今日(1月7日)の日経新聞朝刊に「企業が有事に備えて設定した『融資枠』の利用(借入)が急増し、08年11月末の利用額は5.7兆円に達した」と報じている。融資枠の総額は25.7兆円と報じられているので、利用率は22.2%とかなり高い。資本市場が円滑に機能している時期は優良企業は通常CP、社債などコストの安い調達方法を利用するので、「融資枠」の利用はほとんどない。「融資枠」がこれ程使われているということは、資本市場がかなり麻痺している証拠だろう。

ところで「融資枠」がこれ程利用されることについて多少の感慨がある。というのは10年程前米国から帰国した私は、米国では一般的だった「融資枠」という仕組みを日本でも普及させたいと考えていたことがあった。「融資枠」というのは、将来お金を借りることに備えて企業が銀行に枠に対して一定の手数料(新聞には0.1-0.2%程度と書いてあった)を支払っておくという仕組みだ。ところが当時の議論は「お金を借りていないのに、利息(正確にはコミットメント・フィー)を払うと金利が無限大になる(あるいは小額の利用でもコミットメント・フィーを利回り換算すると非常に高い金利になる)ので、上限金利に抵触する」というものだった。(その後99年に特定融資枠契約に関する法律が制定されこの問題は解決した)

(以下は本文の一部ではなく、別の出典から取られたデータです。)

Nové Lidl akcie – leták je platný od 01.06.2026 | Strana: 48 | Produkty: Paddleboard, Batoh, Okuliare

それから約10年たって日本でも「融資枠契約」が有事に利用されることで、今後拡大することになれば、健全な金融取引の発展につながると私は考えている。何故健全な金融取引の発展につながるか?というと「融資枠契約」が銀行と企業の口約束ではなく、企業がコミットメント・フィーを支払う代わりに契約期間内であれば財務制限条項等に抵触していない限り、自由に利用できるからである。

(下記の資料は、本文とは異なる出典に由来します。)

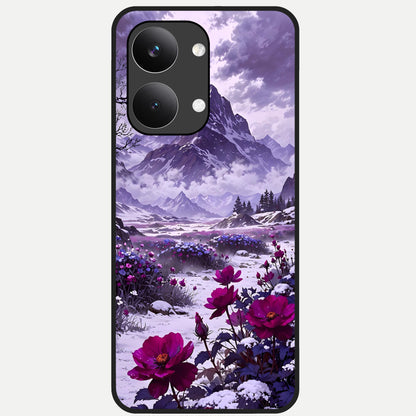 Flower Mountain View Glass Case For Poco X8 Pro Max back cover – full design glossy printed glass finish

このコミットメントCommitmentという概念が大切だ。コミットメントは単なる約束という意味よりも強い意味を持つ。つまり絶対守らなければならない約束というニュアンスだ。契約の双方が対価を払う替わりに対等な立場に立つということが大切なことだ。

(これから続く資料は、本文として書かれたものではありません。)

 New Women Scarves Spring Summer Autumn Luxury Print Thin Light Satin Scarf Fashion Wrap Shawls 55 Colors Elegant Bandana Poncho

日本では企業と銀行の関係がどうもアンバランスなような気がしている。金融緩和時期には銀行が腰を低くして企業にお金を借りて下さいとお願いする。一方金融の逼迫期には銀行が床柱を背に座っているという感じ。つまり中々「対等な立ち位置」でビジネスを行うという状況が少ないのではないか・・・・と私は感じている。「融資枠」取引というのは企業・銀行の双方が対等の立ち位置でビジネスを行う良い取引方法だと私は考えている。

余談になるが取引相手に対する態度という点で日本ではイビツな人が多い。自分が売り手の時はペコペコする替わりに、自分が客になったとたん居丈高になる人の何と多いことか!コンビニの窓口で売り子さんが何か言っても、返事をするのも不愉快とアゴで答えている人を見かけると、その人の人間性が貧相に見えてくる。そういう人達は「お客様は神様だから、何でもいうことを聞け」とでも思っているのだろうか?

(もし「お客様は神様です」という言葉を英語でCustomers are god(s).と直訳したら、この言葉の不遜さが分かるというものだが。)

本来モノを売り買いしたり、銀行からお金を借りるというのは代金を払う・利子を払うという双務契約であり、買い手が偉い訳でもなければ銀行が偉い訳でもないし、借入人が偉い訳でもない。お互いがビジネスパートナーなのであり、お互いが適度のマナーで接する・・・・というのが、成熟した契約社会というものだろう。

もし金融危機が「融資枠」という媒介を通じて、成熟した契約社会を日本にもたらすなら一時的な危機も悪いことばかりではない・・・・そこまで言うと言い過ぎだろうが。